Perhaps it says much about Wales’ complex and uncomfortable histories that while squares in Merthyr Tydfil and Newport are named after victims of injustice – working class martyr Dic Penderyn and pro-democracy campaigner John Frost – the names of Cardiff’s streets and squares celebrate the relatives of the Marquess of Bute and other establishment figures: aristocrats Wyndham, Romilly and Mackintosh and prime ministers Callaghan and Lloyd George.
Imperialists and slavers are celebrated in the names of places that now find themselves in districts with Black, Asian and minority ethnic majorities, with Robert Clive lending his name to a major thoroughfare in Grangetown, and Herbert Kitchener the name of a primary school in Riverside. Meanwhile, Thomas Picton – recontextualised in a cardboard box – continues to bestride our National Museum.
After the murder of Lily Volpert, Mohamed describes the ‘housewives of Canton, Penarth, Ebbw Vale, St Mellons all coming to gasp at the street gamblers, half-caste children and tumbledown bars with tumbledown women chatting outside’.
The Fortune Men offers a challenge to every one of us, about who and what we remember, and who and what celebrate, and how we live.
Today they might come to marvel at the ‘My City, My Shirt’ mural, on the wall near where Lynette White was murdered and the chain of events set in motion that led to yet more unjust incarcerations of Black men from Cardiff, or to admire the lighthouse with its ‘Ballast Bank’, a Peter Finch poem piled in stones outside Cardiff Bay Police Station, from where 24-year-old Mohamud Mohammed Hassan was released without charge, dying within hours of mysterious injuries.
And so let us return to the book’s ending and concede, together, that the story of Mahmood Mattan is not finished. As Nadifa Mohamed writes in the final line of the novel: ‘The murder of Lily Volpert is still unsolved.’
The book, the author claims, belongs to Butetown. But its status as Wales Book of the Year also means it belongs – whether Wales likes it or not – to the whole of Cymru.

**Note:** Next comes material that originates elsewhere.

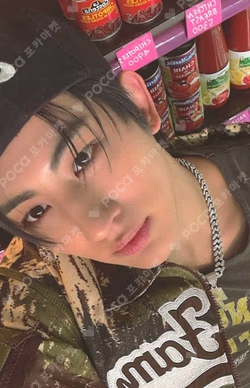 YOUNI-T POCAALBUM Retrotopia Ver.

We must now learn to own the consequences of adopting Mattan, and not as a neatly packaged historical factoid like the proverbial million pound cheque (for when, by the way, did the people of Tiger Bay in any meaningful way see the wealth that was passing through the Port of Cardiff?).
The Fortune Men offers a challenge to every one of us, about who and what we remember, and who and what celebrate, and how we live.
The dust has far from settled, but thanks to Nadifa Mohamed, the miasma above Cardiff is beginning to lift.